> [Work instruction] Look through the data below for the line with "Justice Grey and" and the line with "An Edwardian silver card case, length 8.", then transcribe exactly from the first through the second, leaving out all pictures.

> [Material for the task]
*** Block opens ***

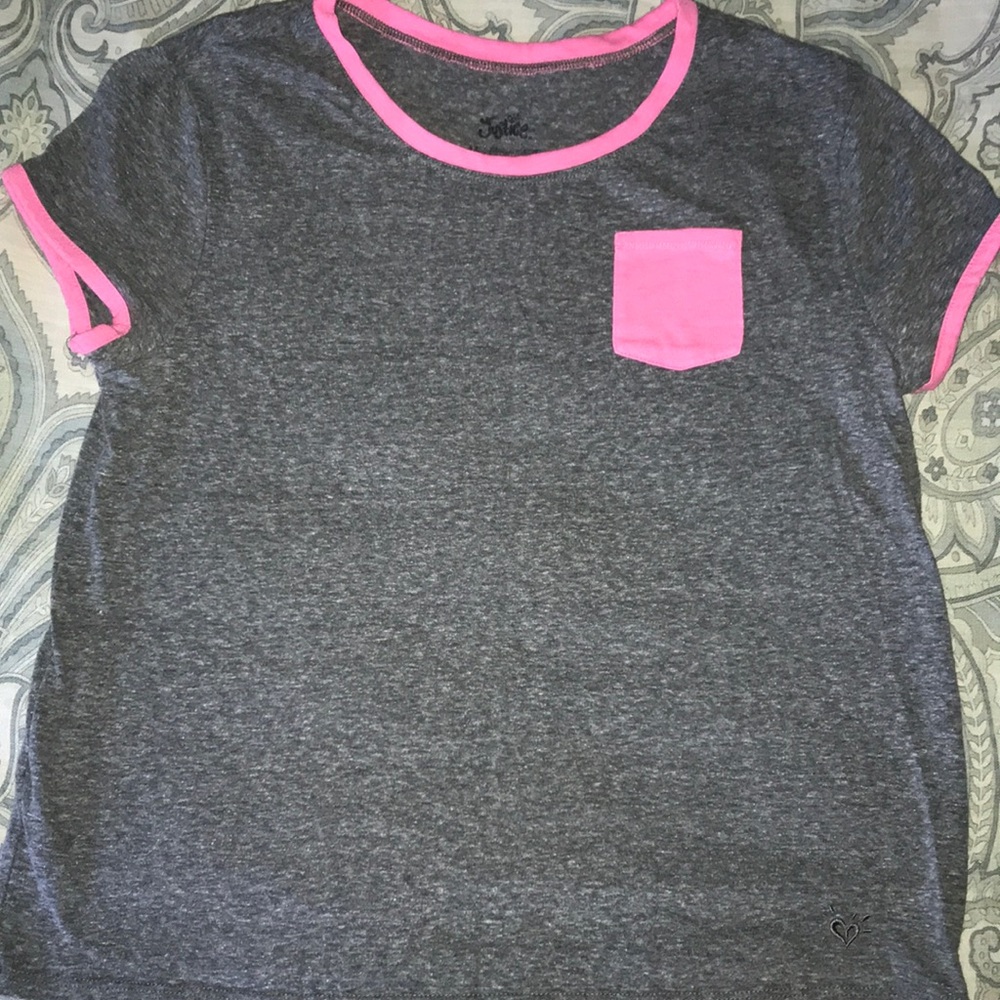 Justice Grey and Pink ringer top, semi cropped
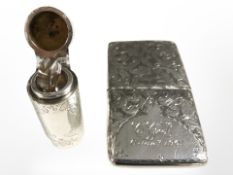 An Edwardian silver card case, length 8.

*** Block closes ***
*** Block opens ***

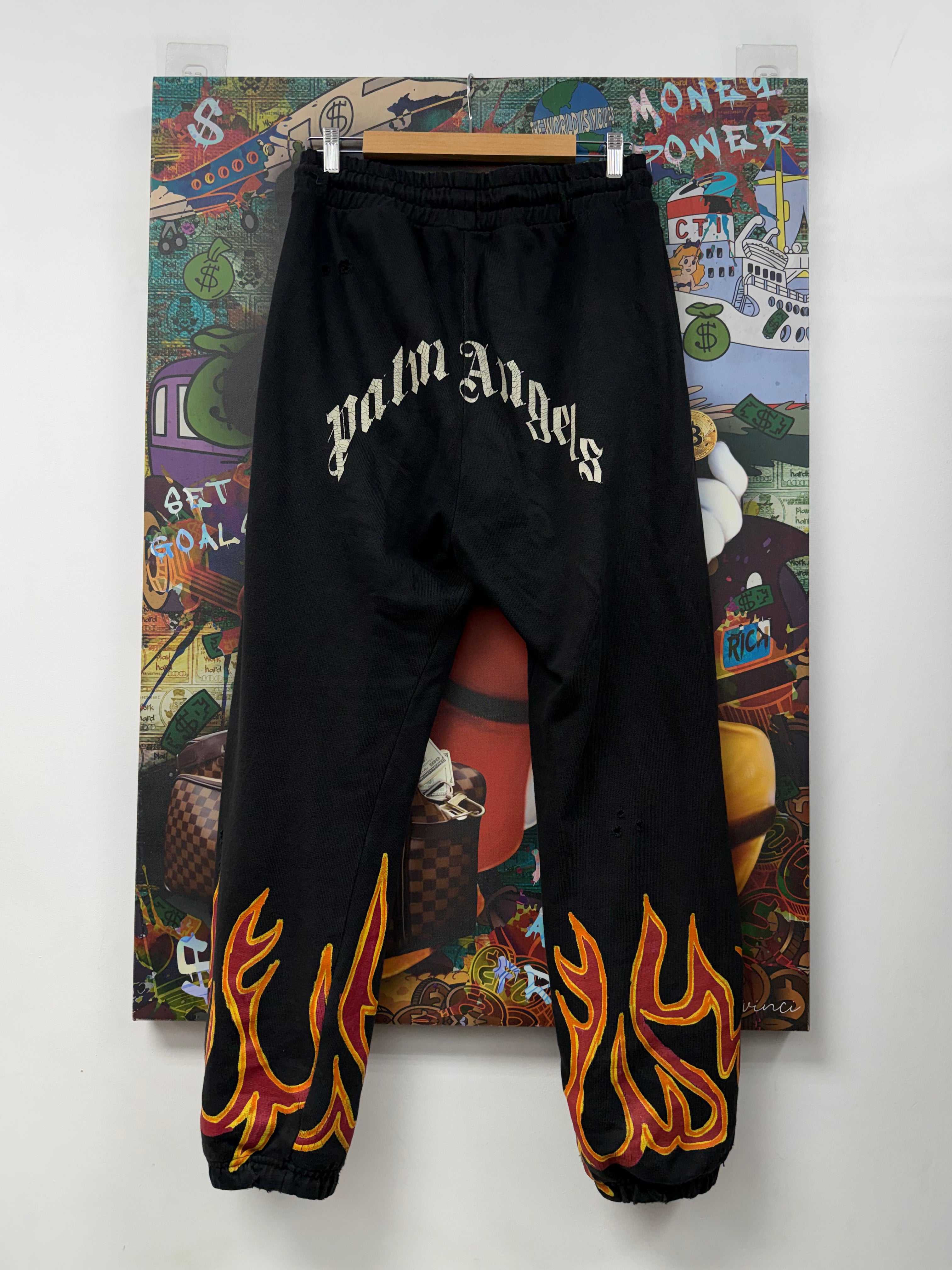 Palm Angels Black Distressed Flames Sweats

*** Block closes ***

> [Response area]
 Justice Grey and Pink ringer top, semi cropped
 An Edwardian silver card case, length 8.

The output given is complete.